I’ve always had a fondness for instrumental music. To me, the very core definition of music is expressing ideas and emotions through sound. It’s the one universal language everyone understands. That has nothing to do with words, which is probably why I prefer instrumentals. Game music has always been primarily instrumental, and regardless if it was a beep coming from my NES or a live orchestral recording from a modern Final Fantasy game, it has always intrigued me. Combine that with a childhood lust for playing video games, and it only made sense that I would be greatly influenced by the music contained within them. Unfortunately I don’t think the game industry gives enough credit to the importance of original music, and the impact it has on the player. I often find many game compositions are as good, or better, than anything you’d hear in a major motion picture.

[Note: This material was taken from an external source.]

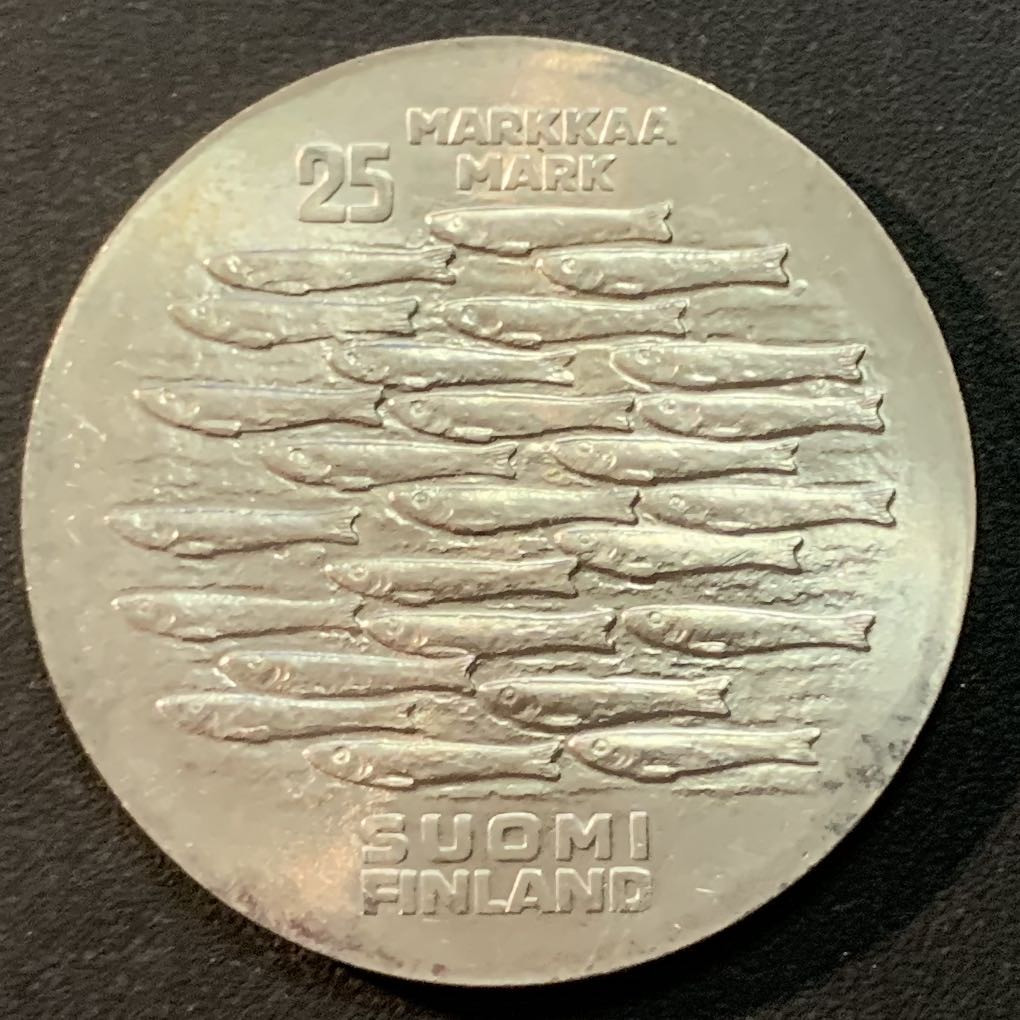 紫瑗钱币—微拍第26期  芬兰 1979年  图尔库建城750周年 25马克 26.6克 0.5银 获奖币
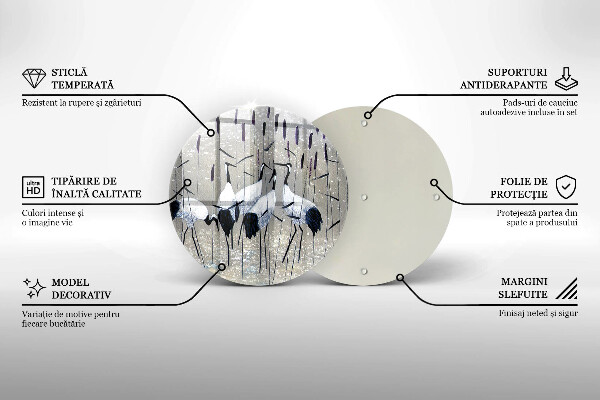 Steklena podloga za rezanje Japonski žerjavi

You’ve got quite a list of games you’ve contributed to. How did you start composing game music?

I’ve worked on over a dozen titles on the art side, but musically only on two so far. I started composing at a very young age using the MOD and MIDI formats. Later in high school I composed a few tunes for some independent game projects. Around this time I also started doing game remixes on guitar. After college I joined a Web site called Musician War and started competing, mostly with game tunes. My first published original game composition was produced during my time at FarSight Studios.

What was your role at FarSight? What did you work on?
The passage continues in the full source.